# Aristo 100 ton hoppers video clip



## NTCGRR (Jan 2, 2008)

I still don't like the quality of these down loads. not sure what I'm doing wrong. 
http://www.youtube.com/watch?v=oapWSHvHLmw finally got it to load up. 

Changed the url to a better clip.


----------



## Dave F (Jan 2, 2008)

Great vid Marty. I like it.


----------



## pdk (Jan 2, 2008)

Wow. Your approach to the hobby is as far from mine as it gets, but I have to say, I admire and respect your train work. 

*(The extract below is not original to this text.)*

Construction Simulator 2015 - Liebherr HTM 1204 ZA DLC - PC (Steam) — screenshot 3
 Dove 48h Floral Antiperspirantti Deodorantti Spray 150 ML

As for the video...excellent. One camera position. No fancy edits. Yet very effective. Love it.


----------



## leonpete (Jan 4, 2008)

Nice video Marty. The elevator and back ground scenery makes you think "is it real or just 1:29th"


----------



## Madman (Jan 5, 2008)

Wow! How large is your railroad? With that many cars, I lost count, the front and rear of the train should be touching.


----------



## cabforward (Feb 18, 2008)

Marty 
Great video 
Were all three locos powered or just two 
Also were was your battery and RC car did you make one out of a hopper 
Matt


----------



## Jim Agnew (Jan 2, 2008)

Marty, about as close to "real" as you can get. Good job.


----------



## NTCGRR (Jan 2, 2008)

The 10 amp TE is in the first hopper, both lead are powered. last unit depowered, (rolls free) 
Dan, my RR is not big enough, this is the eastern 1/4 of the RR approx


----------



## cabforward (Feb 18, 2008)

Marty 
What kind of batterys do you use to power the to -9 
And what kind of run time do you get 
MAtt


----------



## NTCGRR (Jan 2, 2008)

18 volt Milw tool batterys. 
They last during my run time. Thus I never keep track of it.


----------



## cabforward (Feb 18, 2008)

Thanks marty


----------



## Henson (Jan 2, 2008)

Great video Marty, Grandson said 53 cars I didn't count.


----------



## silverstatespecialties (Jan 2, 2008)

TOO COOL! Fantastic, Marty, just fantastic!! Keep up the great work!


----------